Debugging a code by submitting jobs to a supercomputer is an inefficient process. It goes something like this:
- Submit job and wait in queue
- Check for errors/change code
- (repeat endlessly until your code works)
Debugging in Real-Time:
There’s a better way to debug that doesn’t require waiting for the queue every time you want to check your code. On SLURM, you can debug in real-time like so:
- Request a debugging node and wait in queue
- Check for errors/change code continuously until code is fixed or node has timed out
Example (using Janus supercomputer at University of Colorado Boulder):
- Log into terminal (PuTTY, Cygwin, etc.)
- Navigate to directory where the file to be debugged is located using ‘cd’ command
- Load SLURM
- $module load slurm
- Enter ‘salloc’ command and choose your debugging QOS (quality of service). For Janus, this is called janus-debug. Enter time of use (1 hour is the max time allowed for janus-debug). Choose one node and the desired tasks per node (12 is the max on Janus).
- $salloc – -qos=janus-debug – -time=01:00:00 -N 1 – -ntasks-per-node=12
Wait in line for permission to use the node (you will have a high priority with a debugging QOS so it shouldn’t take long)

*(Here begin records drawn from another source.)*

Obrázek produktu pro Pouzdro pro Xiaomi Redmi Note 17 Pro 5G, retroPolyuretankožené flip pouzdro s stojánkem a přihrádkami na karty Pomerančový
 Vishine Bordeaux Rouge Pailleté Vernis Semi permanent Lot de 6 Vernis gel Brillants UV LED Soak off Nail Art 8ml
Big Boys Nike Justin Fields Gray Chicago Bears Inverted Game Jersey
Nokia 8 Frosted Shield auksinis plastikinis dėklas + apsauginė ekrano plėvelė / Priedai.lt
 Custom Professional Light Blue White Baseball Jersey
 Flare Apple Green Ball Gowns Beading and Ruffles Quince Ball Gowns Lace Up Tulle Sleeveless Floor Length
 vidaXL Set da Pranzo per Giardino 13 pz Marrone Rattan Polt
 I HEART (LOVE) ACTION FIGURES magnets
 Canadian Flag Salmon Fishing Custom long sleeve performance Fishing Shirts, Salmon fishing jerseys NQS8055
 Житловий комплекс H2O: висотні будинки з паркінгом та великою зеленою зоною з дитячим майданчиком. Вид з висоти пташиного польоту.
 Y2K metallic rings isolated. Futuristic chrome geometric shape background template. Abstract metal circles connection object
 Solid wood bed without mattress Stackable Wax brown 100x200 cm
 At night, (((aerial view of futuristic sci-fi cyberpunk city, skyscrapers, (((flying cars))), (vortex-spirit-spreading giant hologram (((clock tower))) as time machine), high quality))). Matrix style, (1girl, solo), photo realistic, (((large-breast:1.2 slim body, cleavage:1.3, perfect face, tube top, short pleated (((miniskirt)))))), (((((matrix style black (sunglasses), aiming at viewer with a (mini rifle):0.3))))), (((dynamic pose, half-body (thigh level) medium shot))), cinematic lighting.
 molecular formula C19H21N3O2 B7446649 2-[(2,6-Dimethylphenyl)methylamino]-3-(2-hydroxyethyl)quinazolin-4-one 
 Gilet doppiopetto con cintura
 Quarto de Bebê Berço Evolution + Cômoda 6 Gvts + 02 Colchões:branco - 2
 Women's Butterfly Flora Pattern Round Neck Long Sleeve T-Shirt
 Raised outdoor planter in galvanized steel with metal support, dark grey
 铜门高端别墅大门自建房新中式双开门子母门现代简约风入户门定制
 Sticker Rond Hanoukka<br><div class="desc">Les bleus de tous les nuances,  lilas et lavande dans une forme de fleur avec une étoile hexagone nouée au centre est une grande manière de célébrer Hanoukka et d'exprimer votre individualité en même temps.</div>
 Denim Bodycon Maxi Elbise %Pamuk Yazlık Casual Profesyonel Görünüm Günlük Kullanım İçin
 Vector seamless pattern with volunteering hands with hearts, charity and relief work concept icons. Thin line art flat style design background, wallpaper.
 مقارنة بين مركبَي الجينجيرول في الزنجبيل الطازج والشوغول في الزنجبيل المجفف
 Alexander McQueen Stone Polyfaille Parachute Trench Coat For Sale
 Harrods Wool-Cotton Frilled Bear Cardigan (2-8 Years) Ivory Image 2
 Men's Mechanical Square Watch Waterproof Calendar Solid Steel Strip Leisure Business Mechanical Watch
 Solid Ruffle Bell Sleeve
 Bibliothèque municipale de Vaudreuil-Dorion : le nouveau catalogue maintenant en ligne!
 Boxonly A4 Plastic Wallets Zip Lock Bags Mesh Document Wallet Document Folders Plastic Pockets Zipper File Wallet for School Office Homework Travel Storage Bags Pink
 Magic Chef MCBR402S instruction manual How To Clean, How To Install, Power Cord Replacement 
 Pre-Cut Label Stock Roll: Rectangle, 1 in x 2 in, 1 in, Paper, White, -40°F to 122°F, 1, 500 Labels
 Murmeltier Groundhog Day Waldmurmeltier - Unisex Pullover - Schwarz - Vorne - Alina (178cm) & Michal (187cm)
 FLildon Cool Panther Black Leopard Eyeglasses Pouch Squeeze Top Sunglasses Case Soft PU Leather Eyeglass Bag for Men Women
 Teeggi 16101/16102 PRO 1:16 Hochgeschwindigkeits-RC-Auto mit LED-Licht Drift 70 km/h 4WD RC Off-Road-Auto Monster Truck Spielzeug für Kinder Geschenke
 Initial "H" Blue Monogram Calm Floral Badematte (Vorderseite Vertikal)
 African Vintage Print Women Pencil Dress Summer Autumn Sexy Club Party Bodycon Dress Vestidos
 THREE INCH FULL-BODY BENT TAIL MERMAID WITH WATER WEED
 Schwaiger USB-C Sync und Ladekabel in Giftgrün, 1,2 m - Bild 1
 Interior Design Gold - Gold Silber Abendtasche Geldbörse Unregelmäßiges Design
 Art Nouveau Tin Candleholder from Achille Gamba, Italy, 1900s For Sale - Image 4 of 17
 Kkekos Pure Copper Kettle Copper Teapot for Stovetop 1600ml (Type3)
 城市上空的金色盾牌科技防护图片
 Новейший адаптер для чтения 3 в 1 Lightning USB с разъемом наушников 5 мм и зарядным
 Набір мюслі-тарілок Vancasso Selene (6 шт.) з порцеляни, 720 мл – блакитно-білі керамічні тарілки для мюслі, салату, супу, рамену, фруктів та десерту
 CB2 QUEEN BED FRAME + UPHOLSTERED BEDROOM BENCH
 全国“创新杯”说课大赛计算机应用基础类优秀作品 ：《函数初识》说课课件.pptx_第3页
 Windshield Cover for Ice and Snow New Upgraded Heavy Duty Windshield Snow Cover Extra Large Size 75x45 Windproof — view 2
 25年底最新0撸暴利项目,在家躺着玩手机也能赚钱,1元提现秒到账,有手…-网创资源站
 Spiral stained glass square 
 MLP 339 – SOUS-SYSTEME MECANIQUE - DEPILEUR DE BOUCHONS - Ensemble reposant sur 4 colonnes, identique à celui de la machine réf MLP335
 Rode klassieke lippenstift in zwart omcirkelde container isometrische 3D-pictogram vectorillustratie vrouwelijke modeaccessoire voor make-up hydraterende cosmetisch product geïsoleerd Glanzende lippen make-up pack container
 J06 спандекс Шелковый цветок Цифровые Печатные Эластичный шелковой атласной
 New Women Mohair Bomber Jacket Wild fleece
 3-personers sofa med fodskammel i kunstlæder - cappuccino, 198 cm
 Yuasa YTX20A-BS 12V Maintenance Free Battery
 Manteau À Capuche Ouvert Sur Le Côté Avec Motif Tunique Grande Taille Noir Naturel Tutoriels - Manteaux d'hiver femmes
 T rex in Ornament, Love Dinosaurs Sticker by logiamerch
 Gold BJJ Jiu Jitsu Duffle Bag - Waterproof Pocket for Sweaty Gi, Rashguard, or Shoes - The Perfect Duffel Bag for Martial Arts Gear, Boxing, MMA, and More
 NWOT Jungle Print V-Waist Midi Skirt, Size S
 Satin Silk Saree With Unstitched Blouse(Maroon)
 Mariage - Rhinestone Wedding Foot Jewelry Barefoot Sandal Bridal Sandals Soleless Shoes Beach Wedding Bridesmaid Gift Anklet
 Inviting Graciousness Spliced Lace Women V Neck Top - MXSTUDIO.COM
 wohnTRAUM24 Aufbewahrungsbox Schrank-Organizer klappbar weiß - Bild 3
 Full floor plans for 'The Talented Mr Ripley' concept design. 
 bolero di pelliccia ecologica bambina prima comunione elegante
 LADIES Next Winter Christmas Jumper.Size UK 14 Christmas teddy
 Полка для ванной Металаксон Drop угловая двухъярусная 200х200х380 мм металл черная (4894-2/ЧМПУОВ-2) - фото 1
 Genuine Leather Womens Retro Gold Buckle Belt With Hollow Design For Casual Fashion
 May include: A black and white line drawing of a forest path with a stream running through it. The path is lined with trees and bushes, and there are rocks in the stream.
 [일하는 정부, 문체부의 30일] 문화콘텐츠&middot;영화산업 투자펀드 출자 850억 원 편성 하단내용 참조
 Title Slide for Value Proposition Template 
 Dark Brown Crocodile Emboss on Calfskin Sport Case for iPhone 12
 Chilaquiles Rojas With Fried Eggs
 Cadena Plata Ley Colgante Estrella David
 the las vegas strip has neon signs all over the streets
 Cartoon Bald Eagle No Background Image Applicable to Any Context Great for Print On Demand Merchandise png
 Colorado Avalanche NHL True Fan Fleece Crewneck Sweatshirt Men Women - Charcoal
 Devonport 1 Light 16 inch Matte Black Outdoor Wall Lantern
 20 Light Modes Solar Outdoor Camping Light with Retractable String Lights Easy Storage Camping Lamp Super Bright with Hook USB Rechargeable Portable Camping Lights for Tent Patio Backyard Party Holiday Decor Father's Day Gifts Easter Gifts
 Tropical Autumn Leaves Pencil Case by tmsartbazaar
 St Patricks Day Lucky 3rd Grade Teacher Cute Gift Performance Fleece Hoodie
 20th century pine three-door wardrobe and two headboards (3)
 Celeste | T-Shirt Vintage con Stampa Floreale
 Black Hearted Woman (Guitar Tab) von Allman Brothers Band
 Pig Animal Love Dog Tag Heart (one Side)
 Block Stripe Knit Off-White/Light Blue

Once you are granted permission, the node is yours! Now you can debug to your hearts content (or until you run out of time).
I’m usually debugging shell scripts on Unix. If you want advice on that topic check out this link. I prefer the ‘-x’ command (shown below) but there are many options available.
Debugging shell scripts in Unix using ‘-x’ command:
$bash -x mybashscript.bash
Hopefully this was helpful! Please feel free to edit/comment/improve as you see fit.